🤖 AI Summary
This study investigates the profound implications of generative artificial intelligence (GenAI) for scientometrics: Can GenAI emulate scientific reasoning? Does its large-scale generation of scientific text fundamentally reshape core bibliometric features—such as authorship attribution, lexical distributions, and citation structures? Adopting a distributional linguistics framework, we develop a probabilistic generative model to systematically evaluate GenAI’s capabilities and limitations in topic labeling, citation analysis, scholar profiling, and research evaluation. Results indicate strong performance on language-generation tasks but weak generalization on tasks requiring stable semantics and domain-specific knowledge; moreover, model updates frequently compromise result reproducibility. We introduce the novel theoretical construct of “textual ecosystem perturbation,” highlighting the structural threat posed by AI-generated content to the foundational assumptions of scientometric indicators. Crucially, we advocate for a robust, cross-model and longitudinal benchmarking framework to ensure methodological integrity and metric reliability in the GenAI era.
📝 Abstract
The aim of this paper is to review the use of GenAI in scientometrics, and to begin a debate on the broader implications for the field.
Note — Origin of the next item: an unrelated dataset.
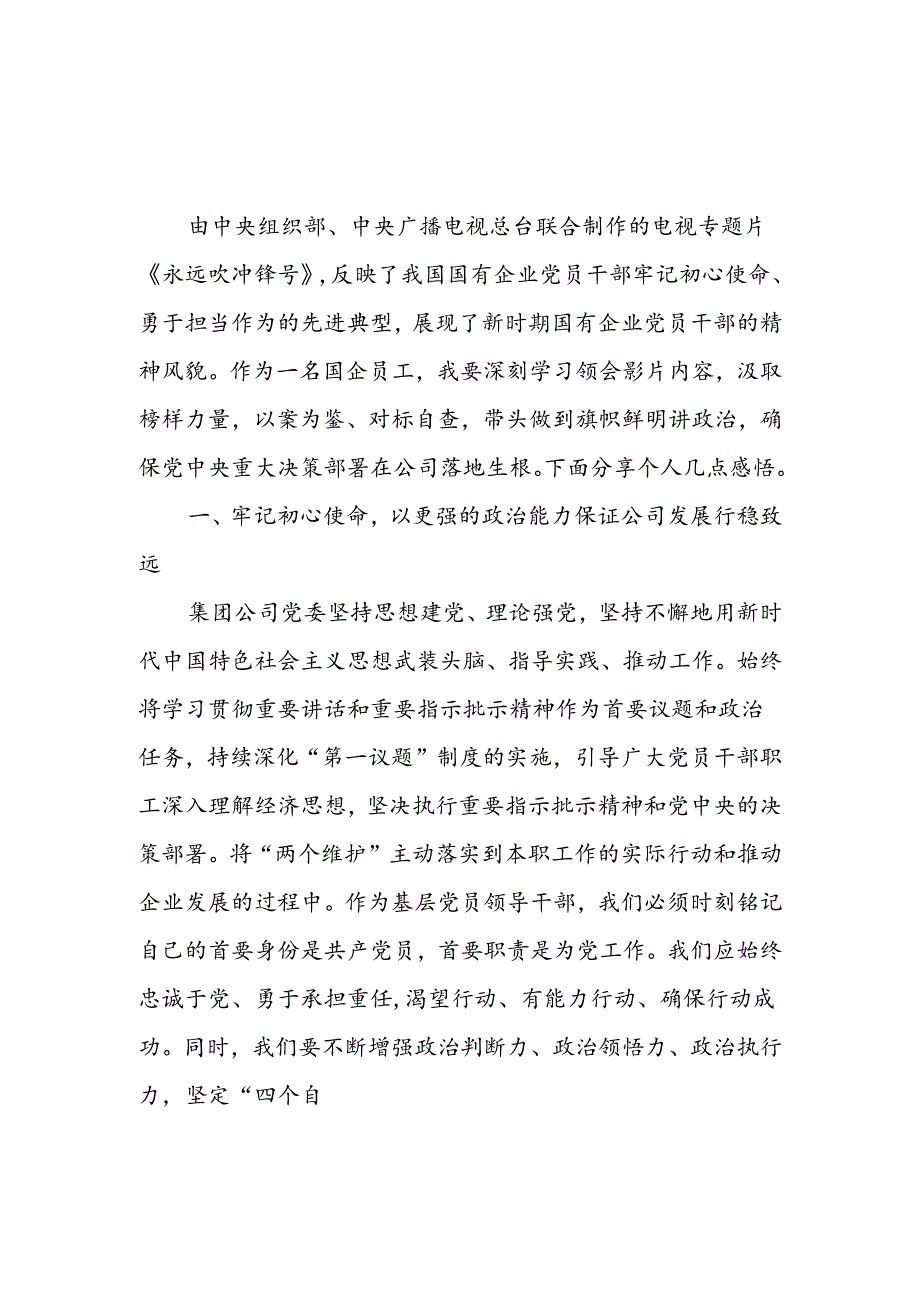 国企干部观警示教育片《永远吹冲锋号》《永远在路上》心得体会共2篇.docx_第2页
First, we provide an introduction on GenAI's generative and probabilistic nature as rooted in distributional linguistics. And we relate this to the debate on the extent to which GenAI might be able to mimic human 'reasoning'. Second, we leverage this distinction for a critical engagement with recent experiments using GenAI in scientometrics, including topic labelling, the analysis of citation contexts, predictive applications, scholars' profiling, and research assessment. GenAI shows promise in tasks where language generation dominates, such as labelling, but faces limitations in tasks that require stable semantics, pragmatic reasoning, or structured domain knowledge. However, these results might become quickly outdated. Our recommendation is, therefore, to always strive to systematically compare the performance of different GenAI models for specific tasks. Third, we inquire whether, by generating large amounts of scientific language, GenAI might have a fundamental impact on our field by affecting textual characteristics used to measure science, such as authors, words, and references. We argue that careful empirical work and theoretical reflection will be essential to remain capable of interpreting the evolving patterns of knowledge production.